Ecrit par Olga Gille-Belova,Maître de conférences au Département d'Études slaves, Université Bordeaux Montaigne
Cet article est republié à partir de The Conversation sous licence Creative Commons.

Olga Gille-Belova, Université Bordeaux Montaigne

Plus d’un mois après le scrutin présidentiel contesté du 9 août 2020, la situation demeure incertaine sur l’issue de la crise politique en Biélorussie (une dénomination qui sera utilisée dans cet article car c’est celle retenue à ce jour par la diplomatie française, même si le terme Bélarus est de plus en plus employé, pour des raisons exposées notamment ici).

La mobilisation massive des citoyens s’est poursuivie en dépit de l’absence d’encadrement par un leader ou une force politique clairement identifiable qui aurait pu s’imposer à la tête du mouvement. Ce caractère protéiforme de l’opposition et la multitude de ses actions, parfois très originales, sont-ils une force ou une faiblesse ? Quelles ressources restent encore en possession de Loukachenko pour se maintenir au pouvoir, alors qu’il avait promis à plusieurs reprises de ne pas « s’agripper à son fauteuil présidentiel » ?

Une vaste mobilisation portée notamment par les femmes…

Le 10 août, l’annonce de l’improbable réélection d’Alexandre Loukachenko pour un sixième mandat avec 80 % des voix a suscité une forte mobilisation contestataire des citoyens indignés par l’ampleur des falsifications. La violence disproportionnée des forces de l’ordre face aux manifestations pacifiques – plus de 6 700 arrestations du 10 au 13 août – et la révélation ultérieure de traitements dégradants et de tortures infligés aux détenus ont profondément choqué la population biélorusse et la communauté internationale. Destinée à effrayer les mécontents et à étouffer dans l’œuf toutes les veillées contestataires, cette démonstration de force a eu l’effet inverse : elle a renforcé la mobilisation et incité l’opposition à multiplier les actions les plus diverses.

Dès le 12 août sont apparues les premières « chaînes de solidarité » formées de femmes vêtues de blanc, tenant des fleurs à la main, qui se postaient le long des rues et étaient acclamées par les klaxons des automobilistes. Cette mobilisation féminine représentait une réponse astucieuse à la violence du régime qui, dans les premiers jours, prenait majoritairement pour cibles les hommes.
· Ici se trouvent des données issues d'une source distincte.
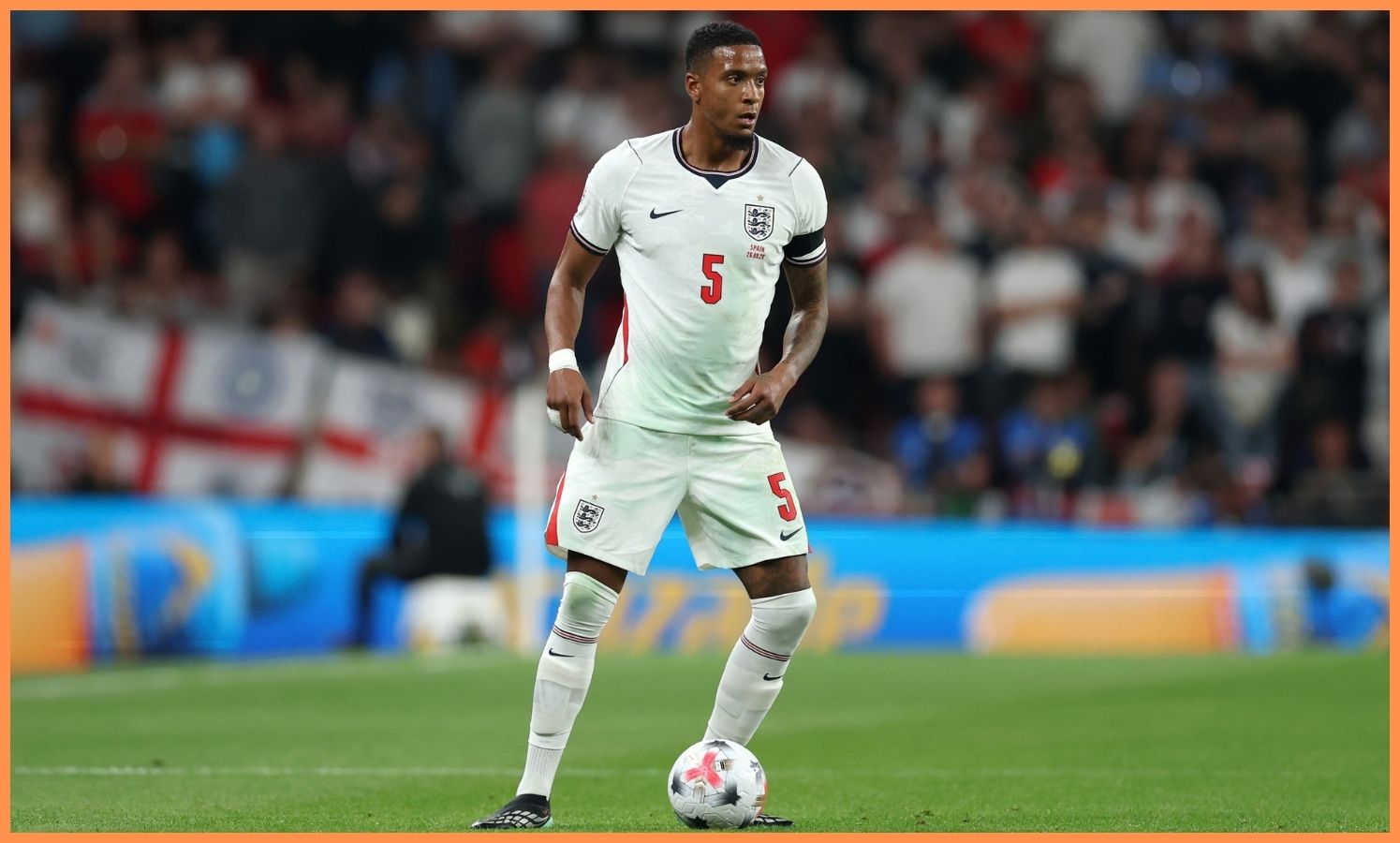 Ezri Konsa on the ball for England home kit.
Il était éminemment plus difficile d’attribuer ouvertement à ces femmes pacifiques l’intention de provoquer ou d’agresser des représentants des forces de l’ordre lourdement armés.

Par la suite, la mobilisation des femmes s’est poursuivie sous d’autres formes plus libres et spontanées, par exemple des rassemblements sporadiques dans les différents lieux emblématiques de la capitale où les appels au départ de Loukachenko, à de nouvelles élections ou à la libération des prisonniers politiques se mélangeaient aux chants folkloriques ; ou encore des embrassades avec les policiers sur les barrages qui protégeaient les lieux de pouvoir, accompagnées d’invitations à baisser leurs boucliers et à rejoindre la contestation.
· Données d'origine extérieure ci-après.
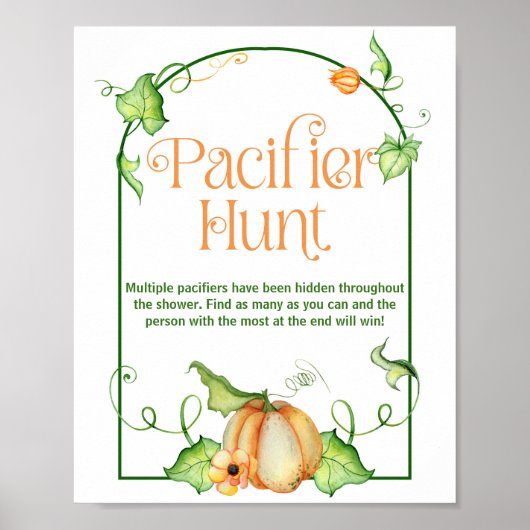 Poster Petit Baby shower Citrouille Pacifique Chasse Jeu (Devant)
Ces manifestations ne sont pas organisées de façon coordonnée et centralisée : les lieux et les horaires des rassemblements, aussi bien à Minsk qu’en province, circulent via Telegram ou Facebook, et leur caractère éphémère rend difficile la répression systématique.
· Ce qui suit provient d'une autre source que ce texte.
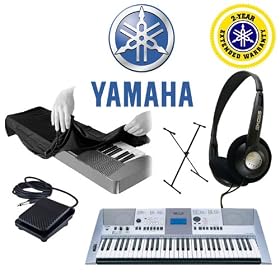 Yamaha PSR-E413 61-Key Digital Keyboard, Koss Stereo Dynamic Headphones, Yamaha Foot Pedal for PSRE213 PSRE313 PSRE413 EZ200, 61-76-key Electronic Keyboard Dust Cover, Single-X X-Style Keyboard Stand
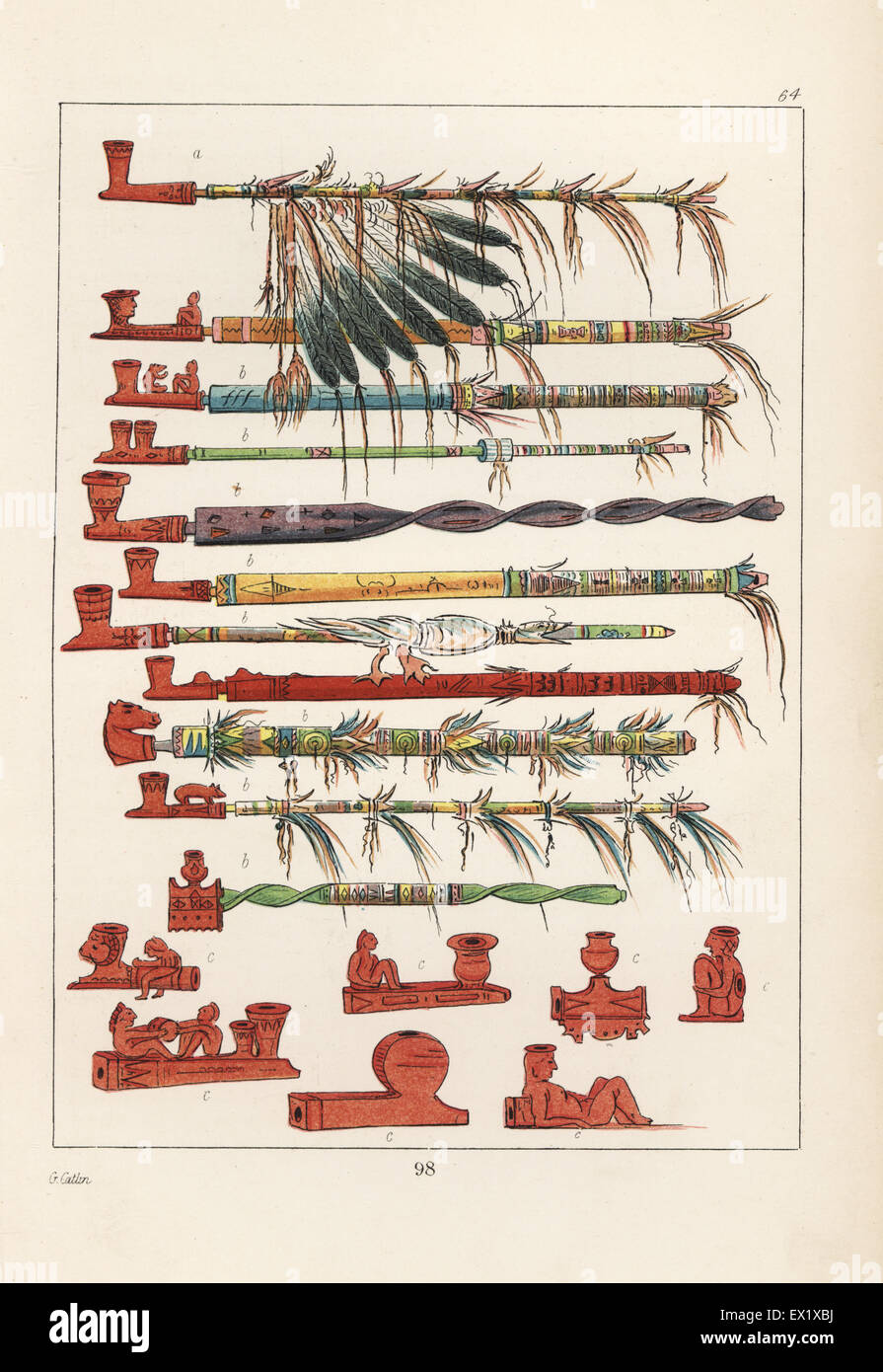 Tobacco pipes of the Native Americans, and a peace pipe with war-eagle feathers at top. The pipes are carved from pipe-stone, red steatite. Handcoloured lithograph from George Catlin's Manners, Customs and Condition of the North American Indians, London, 1841. Stock Photo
L’un des livres de l’écrivaine biélorusse Svetlana Alexievitch, prix Nobel de la littérature 2015, avait pour titre La guerre n’a pas un visage de femme et visait à réparer l’injustice de l’historiographie soviétique qui mettait en avant l’héroïsme des hommes lors de la Grande Guerre patriotique (Seconde Guerre mondiale) en minimisant largement la contribution essentielle des femmes à la victoire. En la paraphrasant, on pourrait dire que la contestation actuelle visant le régime autoritaire biélorusse a pris « un visage de femme » même si elle s’étend bien au-delà du « sexe faible » pour lequel le président Loukachenko n’a jamais caché son mépris.

… et les travailleurs

Autre aspect important du mouvement contestataire : les manifestations de divers groupes professionnels (les médecins, les enseignants, les artistes, les informaticiens, etc.). Les grèves des ouvriers qui ont touché différentes grandes entreprises industrielles biélorusses dès la mi-août ont particulièrement pris le régime au dépourvu, car, de même que les retraités et les ruraux, les ouvriers des entreprises publiques ont toujours été considérés comme le cœur de l’électorat fidèle à Loukachenko.

Début septembre, ce sont les étudiants qui ont pris le relais avec de multiples actions de contestation poussant Loukachenko à se lamenter sur « l’inefficacité de l’éducation patriotique ». De nombreux sportifs de haut niveau ont également fait part de leur soutien aux protestataires.

Parallèlement à ces multiples actions, ce sont les grandes manifestations du dimanche qui rassemblent toutes les générations et groupes socio-professionnels et qui se succèdent depuis le 16 août, réunissant entre 100 000 et 200 000 personnes dans la capitale, qui sont devenues la principale expression de la vivacité de la contestation.

Par ailleurs, le drapeau blanc-rouge-blanc s’est imposé comme le symbole de ce mouvement contestataire. Emblème de l’éphémère République populaire biélorusse (mars 1918-janvier 1919), il a été le drapeau national officiel de la Biélorussie indépendante entre 1991 et 1995, avant d’être remplacé par le drapeau rouge-vert actuel (qui fait référence à la période soviétique) à la suite du référendum organisé par Loukachenko le 14 mai 1995.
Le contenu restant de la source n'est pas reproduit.